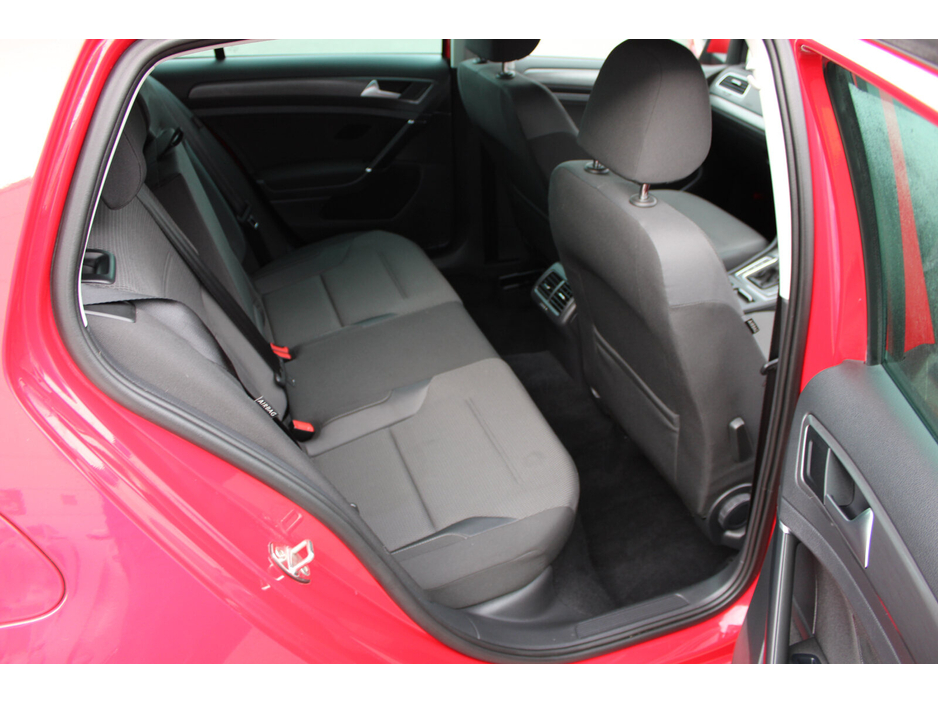 2018 Volkswagen Golf - image 13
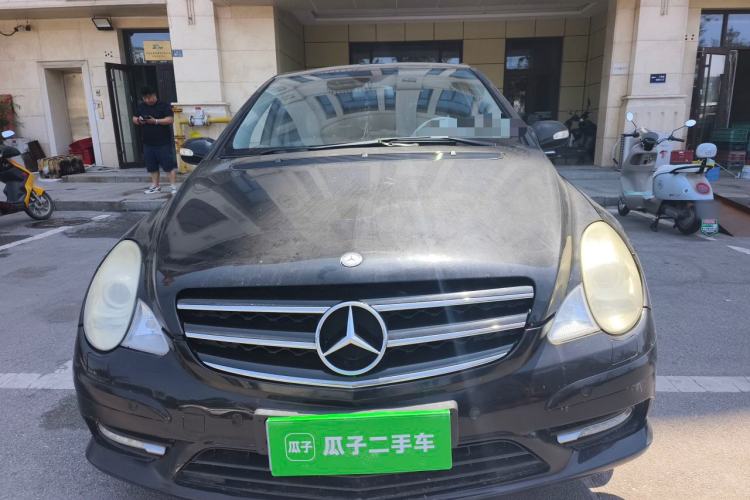 Used Mercedes-Benz R-Class 2010 R 350 L 4MATIC Grand Edition Front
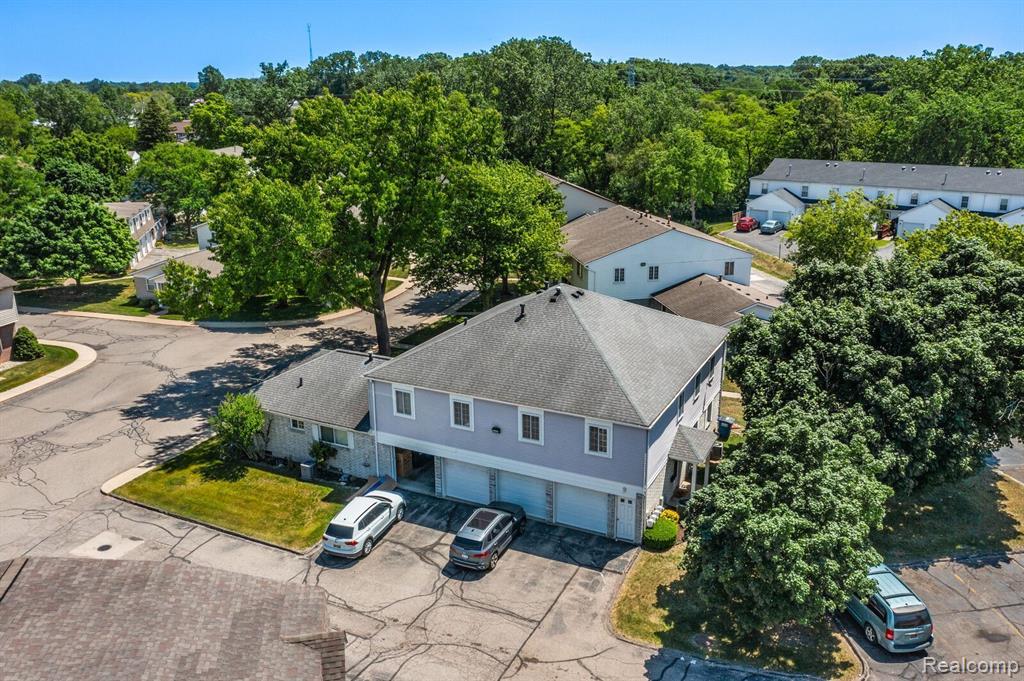38347 CAROLON Boulevard, Westland, MI — Photo 2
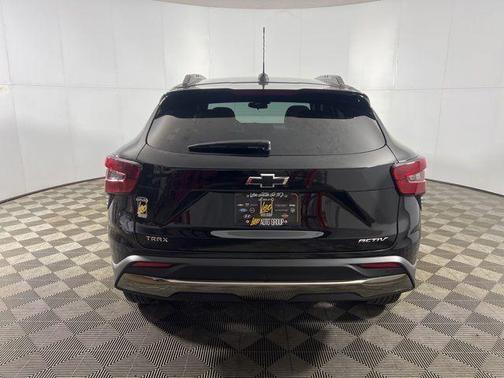 Mosaic Black Metallic 2026 Chevrolet Trax ACTIV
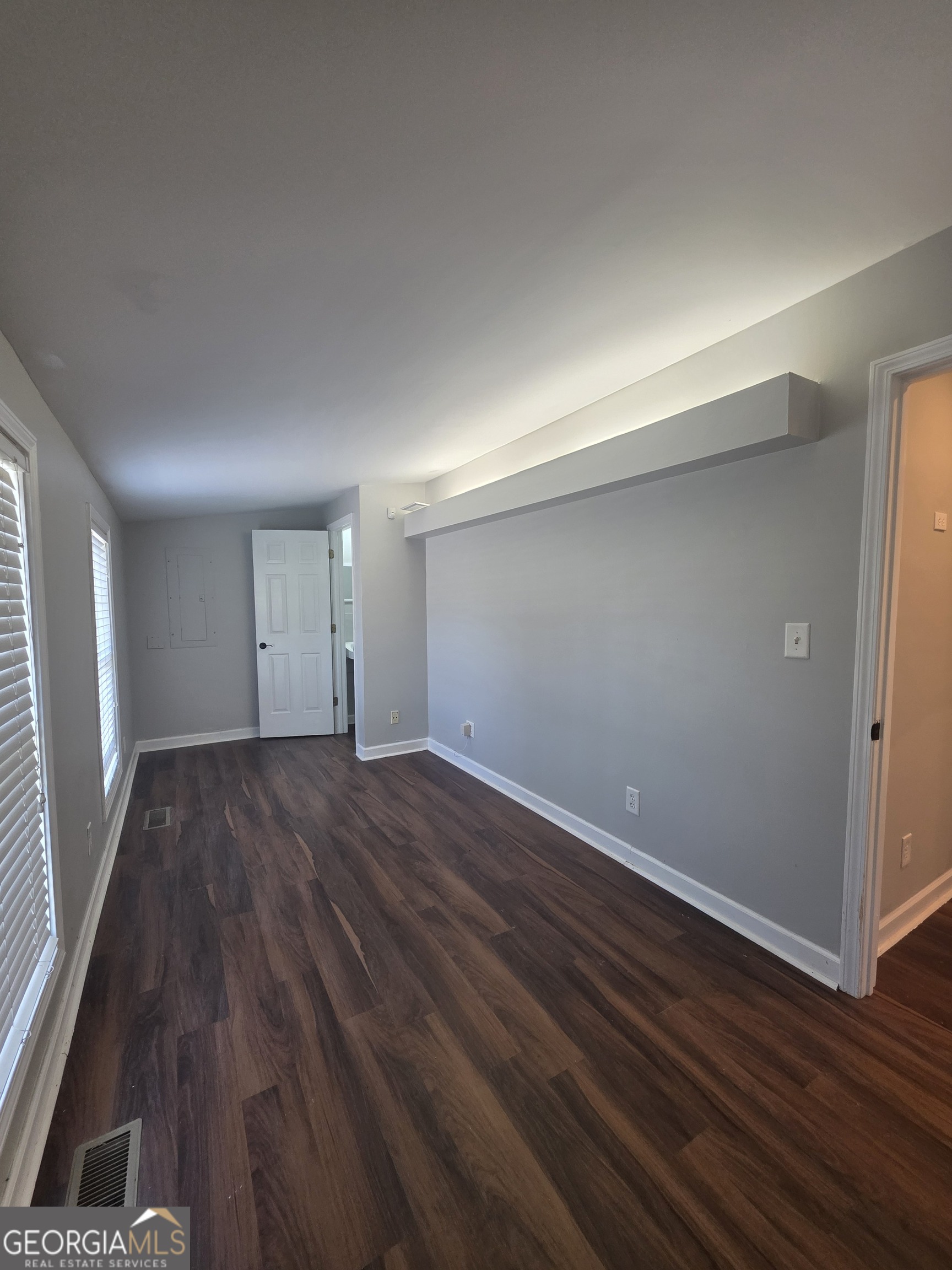 84 Hood Street Property Photo 8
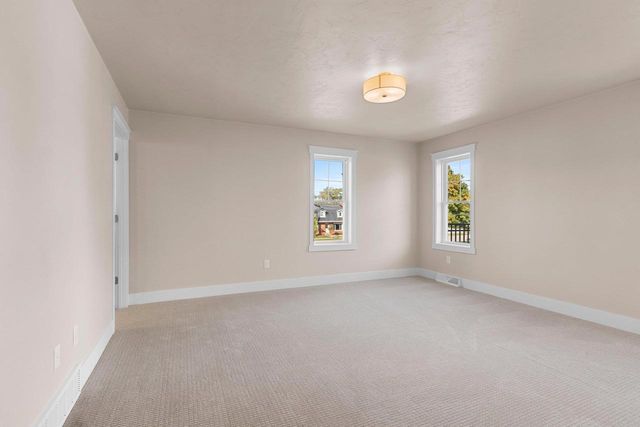 422 4TH STREET, Green Bay, WI 54303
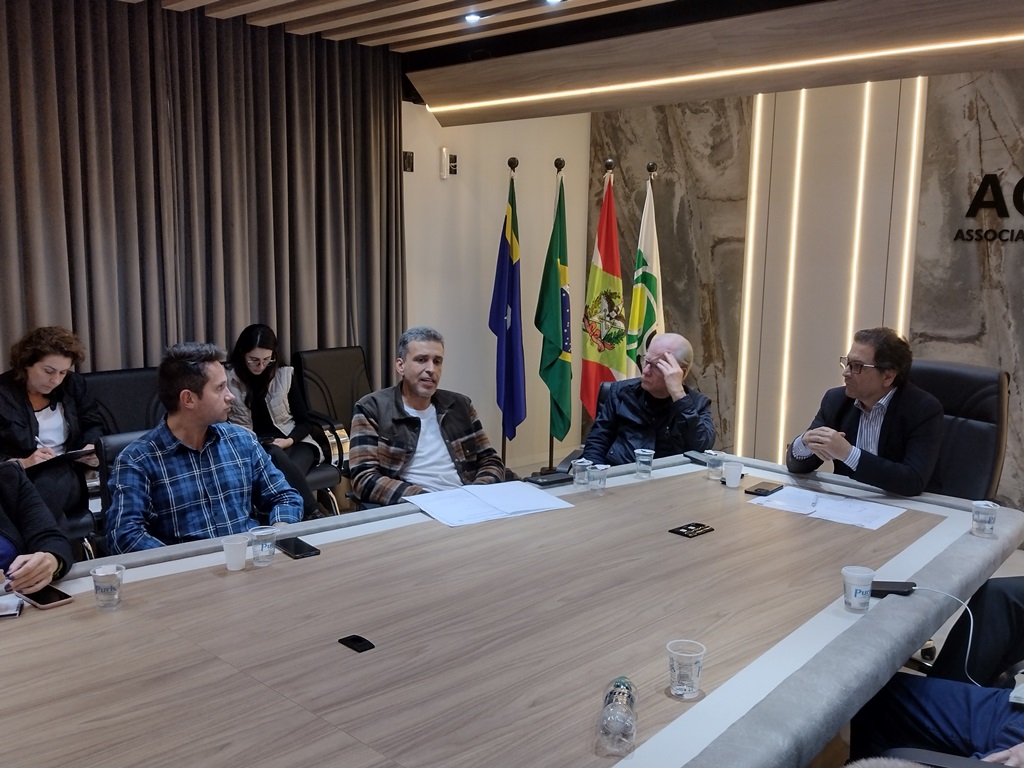 Secretário de Agricultura de Lages fala sobre ações da sua pasta aos diretores da ACIL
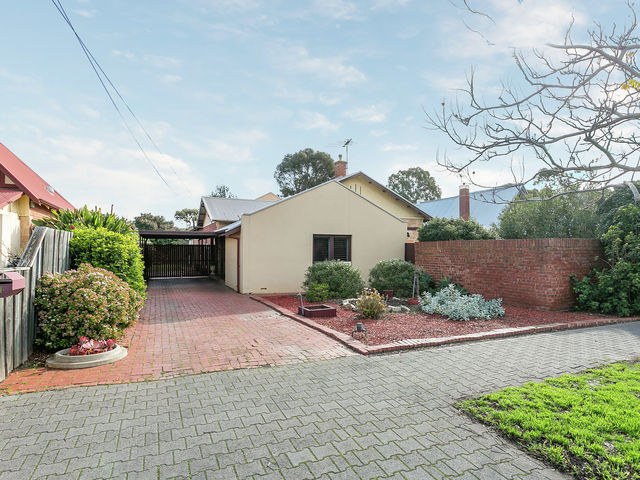 24 Smith-Dorrien Street Netherby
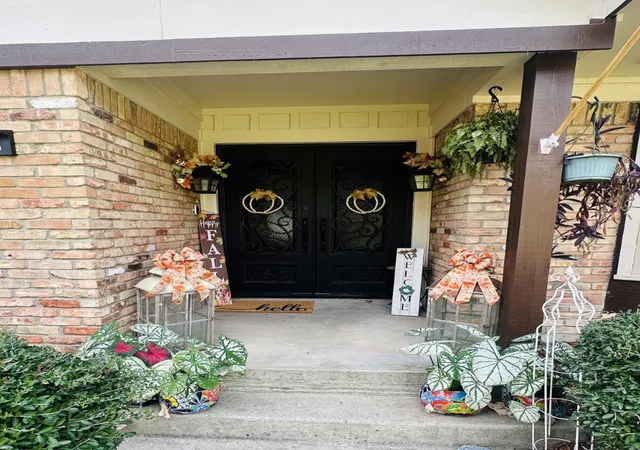 Photo 2 of Single family home for sale at 1308 Azalea Dr, Sulphur Springs, TX 75482 | MLS# 21401090 | Listing updated on 2026-10-02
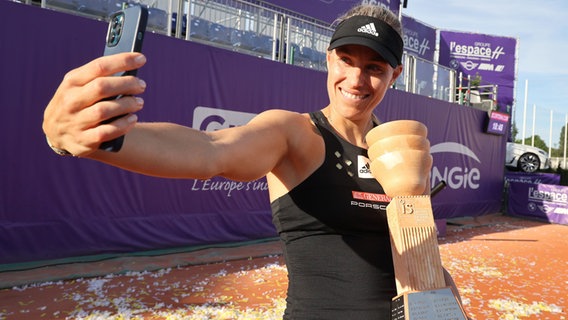 Angelique Kerber nach ihrem Turniersieg in Straßburg. © Picture alliance/dpa/MAXPPP Foto: Jean-Marc Loos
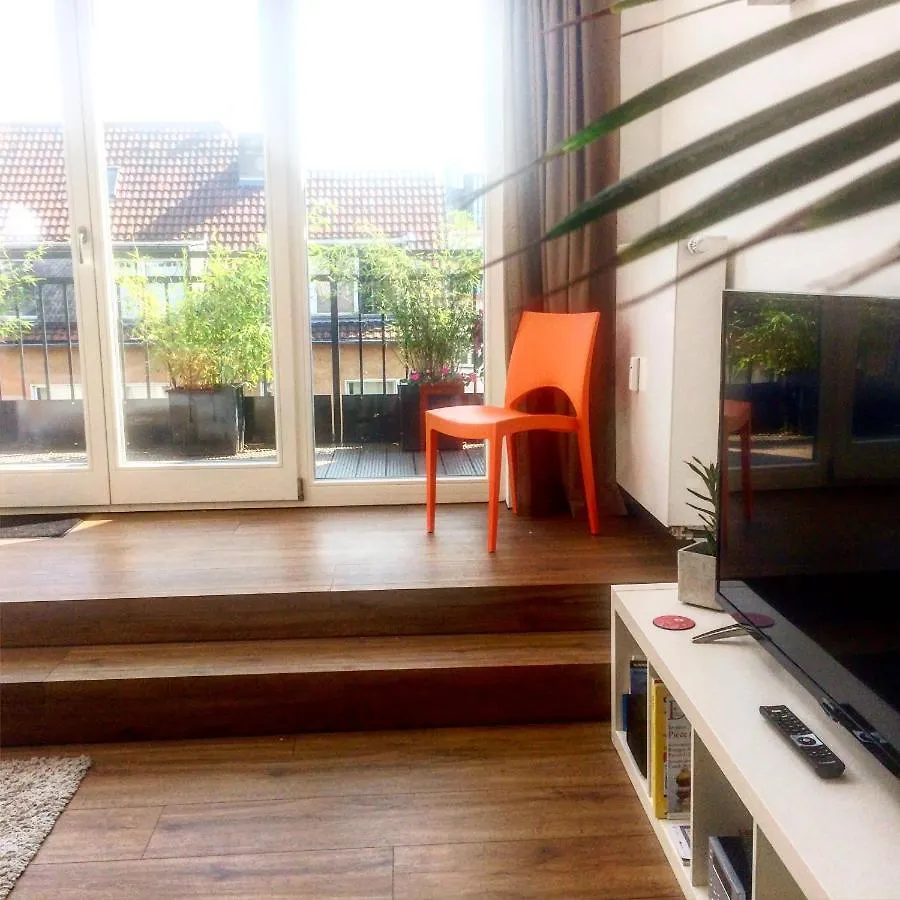 Apartment In Pempelfort - Central Dusseldorf
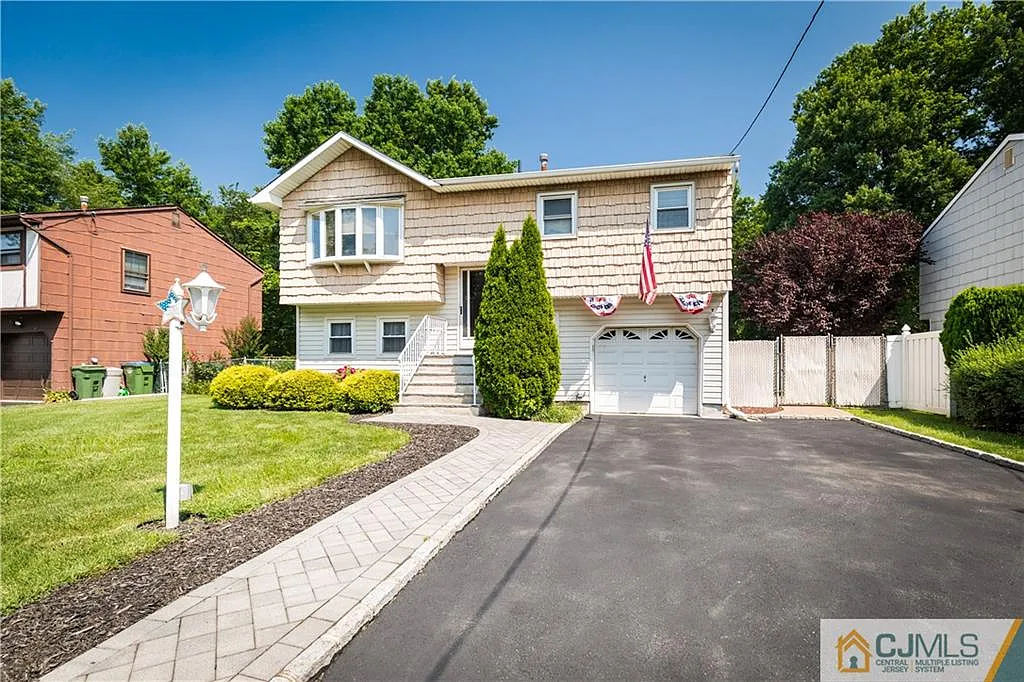 28 Heman St photo 1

What you will do
Copy nothing but the lines from the one containing "Apartment In Pempelfort - Central Dusseldorf" through the last line of the listing above, transcribed exactly and with no pictures.

Response to this task
 Apartment In Pempelfort - Central Dusseldorf
 28 Heman St photo 1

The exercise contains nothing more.